Module 3: NoSQL and Document-Oriented Databases

Module Overview

Need to deal with Big Data? You may need tools beyond standard SQL approaches. Enter NoSQL and document-oriented databases! In this module, we explore the world of NoSQL databases with a focus on MongoDB, one of the most popular document-oriented databases. We'll learn how to store, retrieve, and query data in a schema-less environment.

Learning Objectives

Setting Up MongoDB in 2025

MongoDB has evolved into a leading cloud database platform, with MongoDB Atlas as the recommended solution for most users. Atlas is a fully managed cloud service that simplifies deployment, scaling, and management. While local installations are still available for on-premises or offline use, Atlas is preferred for its ease of use, global availability, and automatic scaling. Here's what you need to know to get started in 2025:

Modern Setup Process

Current Deployment Options (2025)

Note: Pricing varies by cloud provider (AWS, Azure, Google Cloud), region, and usage (e.g., compute, storage, data transfer). Always verify current rates on MongoDB's pricing page, as costs may fluctuate.

Key Requirements

Quick Start Guide

To set up a free MongoDB Atlas cluster:

  1. Sign up at MongoDB Atlas.
  2. Choose the Free Tier (M0), select a cloud provider (e.g., AWS), and pick a region (e.g., US East).
  3. Configure your cluster's security: Add your IP address to the IP whitelist (e.g., 0.0.0.0/0 for access from anywhere, but use caution) and create a database user with a username and password.
  4. Deploy the cluster (takes ~5 minutes). Copy the connection string to connect via your app or MongoDB Compass.
  5. Test your connection using Python: Install pymongo (pip install pymongo) and use the connection string in your code (replace with your user's password).

Tip: Ensure your IP whitelist includes your current network to avoid connection errors.
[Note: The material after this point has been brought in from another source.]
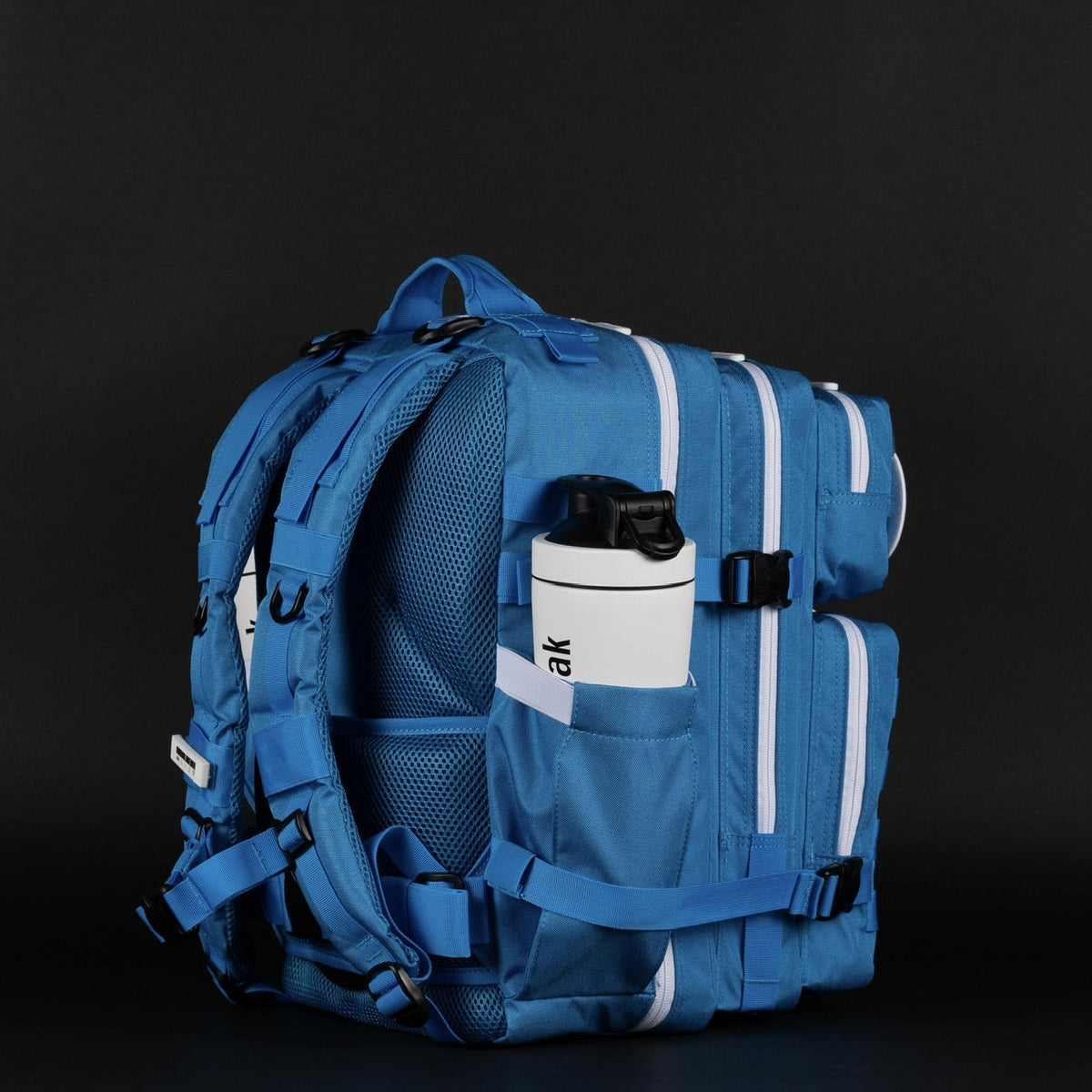 35L Backpack DC's Justice League - Image 6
For production apps, use VPC peering or private endpoints for secure access.

Additional Learning Resources

Enhance your MongoDB skills with these free resources:

Note: As of 2025, MongoDB has deprecated M2/M5 Shared clusters and Serverless instances, transitioning to Flex Clusters for greater flexibility. Atlas is the industry standard for cloud deployments due to its automated management, global scalability, and cost predictability. Local installations (e.g., MongoDB Community Edition) remain an option for on-premises or offline environments but require manual setup and maintenance.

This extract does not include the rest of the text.